An island reversal, as the name suggests, is a reversal pattern that appears at the end of an uptrend or a downtrend. If it appears at the end of an uptrend, it is called a bearish island reversal. And if it appears at the end of a downtrend, it is called a bullish island reversal. An island reversal consists of three stages. In the case of a bearish island reversal, the first stage is the prevailing uptrend. There is a gap that appears during this stage but is unclear as to whether it is an exhaustion gap or a runaway gap. The second stage is the stage of consolidation. During this stage, price broadly moves within a narrow sideways range. The gap that was formed earlier remains unfilled. The third stage is the stage of a reversal in trend. During this stage, a breakaway gap emerges that ends the consolidation. This gap appears at essentially the same area where the earlier gap occurred. At this point in time, it becomes clear the earlier gap was an exhaustion gap and not a runaway gap. The consolidation that takes place above the two gaps resembles an island and hence the pattern is called an island reversal. The exact scenario applies to a bullish island reversal, but in the reverse order. The first stage is the prevailing downtrend along with a gap. The second stage is the stage of consolidation during which the earlier gap remains unfilled. The third stage is the stage of a reversal in trend that is accompanied by a breakaway gap.

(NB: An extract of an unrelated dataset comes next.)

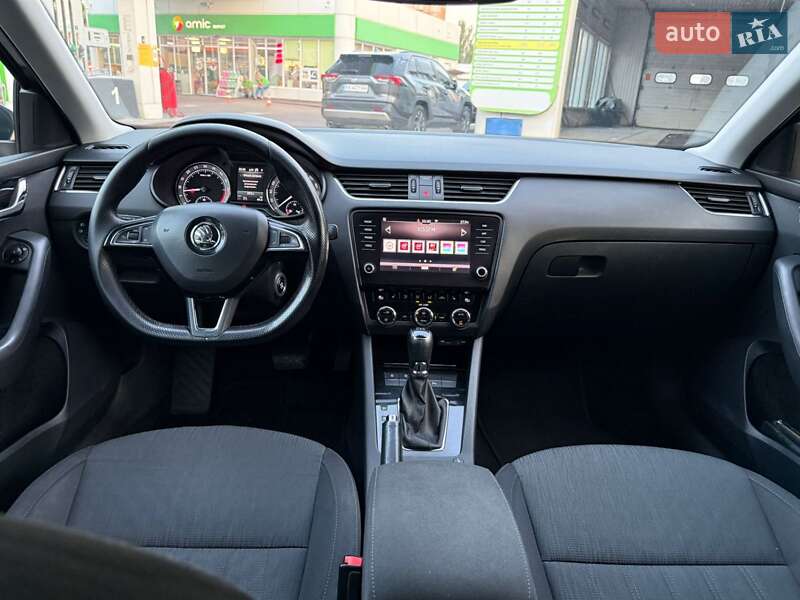 Универсал Skoda Octavia 2017 в Одессе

Notice in each of the above chart, it is not possible to say whether the gap that formed on the left is an exhaustion gap or a runaway gap. Once the breakaway gap appeared on the other side against the prevailing trend, only then could it be confirmed that the earlier gap was an exhaustion gap and not a runaway gap. Notice how each of the two gaps appear at essentially the same levels, thereby making the consolidation appear as an island.
Gaps are blank regions on the chart where no trading has taken place.
If current bar low is above previous bar high, it is called an upside gapand is considered bullish. If current bar high is below previous bar low, it is called a downside gap and is considered bearish.
A breakaway gap is a gap that occurs when price breaks out of a price pattern, either on the upside or on the downside.
Runaway gaps are those gaps that appear when the price is strongly trending in one direction, up or down. These gaps usually appear somewhere around the middle of the ongoing trend.
Exhaustion gaps are those gaps that appear near the end of a trend, up or down. They represent an overextended market and are usually followed by a reversal in trend.
An island reversal is a reversal pattern that appears at the end of an uptrend or a downtrend. It comprises of three stages: the first stage is trend continuation stage during which an exhaustion gap is formed, the second stage is the consolidation stage during which the earlier gap remains unfilled, and the third stage is the reversal stage during which a breakaway gap if formed.